计算机与现代化 ›› 2023, Vol. 0 ›› Issue (02): 40-49.

• 人工智能 • 上一篇    下一篇

结合注意力机制的深度神经网络综述

  

  1. (河海大学能源与电气学院,江苏 南京 211100)
  • 出版日期:2023-04-10 发布日期:2023-04-10
  • 作者简介:皇甫晓瑛(1997—),女,河南安阳人,硕士研究生,研究方向:人体行为识别,机器视觉,深度学习,E-mail: 201306060013@hhu.edu.cn; 通信作者:钱惠敏(1980—),女,江苏宜兴人,副教授,博士,研究方向:计算机视觉,机器学习,E-mail: qhmin0316@163.com; 黄敏(1998—),女,江苏启东人,硕士研究生,研究方向:深度学习,视频中的人体行为识别,E-mail: 2458237010@qq.com。
  • 基金资助:
    国家自然科学基金资助项目(61573001)

A Review of Deep Neural Networks Combined with Attention Mechanism

  1. (College of Energy and Electric Engineering, Hohai University, Nanjing 211100, China)
  • Online:2023-04-10 Published:2023-04-10

摘要: 注意力机制已成为改进神经网络学习能力的研究热点之一。鉴于注意力机制受到的广泛关注,本文旨在从注意力机制的分类、与深度神经网络的结合方式,以及在自然语言处理和计算机视觉领域的具体应用3个方面对深度神经网络中的注意力机制给出较全面的分析和阐述。具体地,分析比较了软注意力、硬注意力和自注意力这3种机制的优缺点;并分别讨论了递归神经网络和卷积神经网络中结合注意力机制的常用方式及其代表性模型结构;然后,以自然语言处理、计算机视觉领域为例,说明了其应用情况;最后,分析了注意力机制的发展趋势,期望为后续研究提供线索和方向。
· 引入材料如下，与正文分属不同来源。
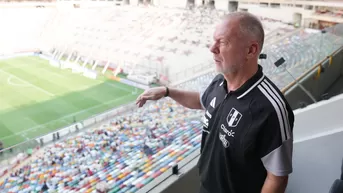 Mano Menezes estuvo en los partidos de Sport Boys y Universitario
关键词: 注意力机制, 深度学习, 神经网络, 注意力模型

Abstract: Attention mechanism has become one of the research hotspots in improving the learning ability of deep neural network. In view of the wide attention paid to the attention mechanism, this paper aims to give a comprehensive analysis and elaboration of attention mechanism in deep neural network from three aspects: the classification of attention mechanism, the way of combining with deep neural network, and the specific applications in natural language processing and computer vision. Specifically, attention mechanism has been divided into soft attention mechanism, hard attention mechanism and self-attention mechanism, and their advantages and disadvantages are compared. Then, the common ways of combining attention mechanism in recursive neural network and convolutional neural network are discussed respectively, and the representative model structures of each way are given. After that, the applications of attention mechanism in natural language processing and computer vision are illustrated. Finally, several future developments of attention mechanism are illustrated expecting to provide clues and directions for subsequent researches.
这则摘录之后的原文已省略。